# Another take on band life extension



## Frisky (Sep 13, 2020)

Earlier, I wrote about replacing thread wraps with superglue at the pouch. My slingshots have the stress point right in front of the wrap. That's where they break. If I could reduce that stress, I should get longer band life. The first photo shows the outside of the glued together bands. I put the bands through the pouch, in the normal fashion, but then just folded them over and glued. You want to have about 1 square centimeter of glue. I didn't clean the band surface but just glued and pressed the band together, holding for about a minute. Make sure you don't glue your fingers to the band! The second photo shows how it looks on the inside of the pouch. Wait at least 2 hours before shooting. With the band being flat, and not pinched tightly together as it is when tied, it should have less stress. Also, the area in front of the pouch, that usually breaks, is now double thick! So far, I've put 100 shots through the slingshot, with no loss of accuracy or increase in noise. I'll have to keep shooting to see how it holds up and report. I think this method might eliminate the use of thread wraps on latex bands. 

Joe


----------



## AppalachianFlipShooter (May 9, 2020)

It's gonna be interesting to see the result. I'm surprised that the glue didn't eat through the latex

Sent from my IN2025 using Tapatalk


----------



## Frisky (Sep 13, 2020)

The effect of superglue on latex was my biggest concern when I first started making slingshots, as I glued the silk wraps in place at the pouch.
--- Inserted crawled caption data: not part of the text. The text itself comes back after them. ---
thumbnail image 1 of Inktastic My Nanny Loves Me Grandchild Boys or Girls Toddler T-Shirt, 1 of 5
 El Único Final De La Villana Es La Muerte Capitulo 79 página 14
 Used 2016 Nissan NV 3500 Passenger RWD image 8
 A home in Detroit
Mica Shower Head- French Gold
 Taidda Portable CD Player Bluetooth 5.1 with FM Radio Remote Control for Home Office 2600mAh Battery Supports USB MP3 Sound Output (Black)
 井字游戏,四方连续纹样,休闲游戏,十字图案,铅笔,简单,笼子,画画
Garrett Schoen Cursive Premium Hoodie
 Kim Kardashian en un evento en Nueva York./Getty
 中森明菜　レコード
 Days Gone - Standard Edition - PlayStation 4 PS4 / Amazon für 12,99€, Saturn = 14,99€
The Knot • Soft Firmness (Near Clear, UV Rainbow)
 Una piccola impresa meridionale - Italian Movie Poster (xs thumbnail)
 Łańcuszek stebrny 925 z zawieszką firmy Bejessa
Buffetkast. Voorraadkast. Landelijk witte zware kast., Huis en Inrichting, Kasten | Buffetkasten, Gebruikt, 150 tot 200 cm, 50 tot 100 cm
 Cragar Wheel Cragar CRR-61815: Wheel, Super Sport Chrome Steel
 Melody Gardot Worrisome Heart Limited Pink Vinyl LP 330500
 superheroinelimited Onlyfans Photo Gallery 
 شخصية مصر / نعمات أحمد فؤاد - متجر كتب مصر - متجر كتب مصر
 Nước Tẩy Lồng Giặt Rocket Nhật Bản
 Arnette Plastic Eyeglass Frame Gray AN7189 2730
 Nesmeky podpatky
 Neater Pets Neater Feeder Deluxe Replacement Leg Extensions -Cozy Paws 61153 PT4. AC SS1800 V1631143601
I'd wrap with pure silk thread and add a few drops of glue that would touch the latex. No problems occurred. Before I started making my own slingshots, I'd be out of luck when a band broke, if I didn't have a replacement handy. So, I'd superglue the bands back together and keep shooting until replacements came in the mail. Even back then, I found the glue didn't damage the band. Now, wraps work well, but if you can eliminate the process and get longer band life, it would be worth doing.

Joe


----------



## vince4242 (Jan 11, 2016)

Great tip! I will have to try... Not sure if I can wait 2 hours? 😄


----------



## ukj (Jan 10, 2021)

C A ,cyanocryate like batteries comes in many qualities.
Cheap from local stores is "watered down" whereas name brsnds are normally much more pure. 
Here in the EU can get very high quality
Almost pure as far as I can tell if you know where, The difference is known 
and seen easy.
As surface area of band section is small would seem one (1) drop of high quality CA should be tested.
Also cleaning, I would test alchol pure before and letting dry might aide strength as well. I glue a lot many things, preperation choice of product, clamping all are factors in getting strongest longest lasting bond.
THX for idea, I never would have thought strong enough, will sure test myself and post findings. 
ukj


----------



## ukj (Jan 10, 2021)

It also comes to
Mind that when dry CA is rigid and can
crack if used on flexable items.I would venture that bands glued with CA will
not stretch within the surface area of the bond contact. Could well be a polyurthane or other glue might work even better as has some "give" remains slightly flexable. There just might be the near perfect glue out there, maybe someone will find?
It might also be worth bonding bands chemically with some amount of prestretch?
Interesting...
ukj


----------



## Frisky (Sep 13, 2020)

Yes, the glue does harden and will not stretch. That transfers the stress to right in front of the glued together pieces. However, the stress point is over a larger area. So far, the glued test band has been shot 175 times without a problem. A normal retie lasts me about 200 shots, so we'll see how it does, tomorrow, when I go over 200 shots. I'm betting it goes over 500, but time will tell. I didn't bother to clean the bands before gluing, as I wanted to make a 1 minute or less process out of the job.


----------



## Frisky (Sep 13, 2020)

I'm now at about 250 shots taken with the glued together bands. No problems. I'll go over 300 today.

Joe


----------



## Frisky (Sep 13, 2020)

The glued band failed along the edge where I glued it together, after 400 shots. When I retie to 7", I get 200 shots, so the glued band lasted twice as long. That's what I was hoping for. It broke in the same spot as my tied bands, but the stress is distributed over a larger area. When my tied bands break, they begin to tear at the top of the band. This one began to tear, along the glue line and in the center of the band. I'm thinking glued together and re-glued bands should last for 2,100 shots, where my tied and retied bands last an average of 1,050 shots. For now, I'll re-glue at 6" and see if I can get 300 shots. Normally, retying at 6" gives me 150 shots max.


----------



## Trap1 (Apr 12, 2020)

CA glues have been used on rubbers & plastics for as long as I can remember.


----------



## Frisky (Sep 13, 2020)

Yes. They don't hurt it at all! CA glue is the way to go!


----------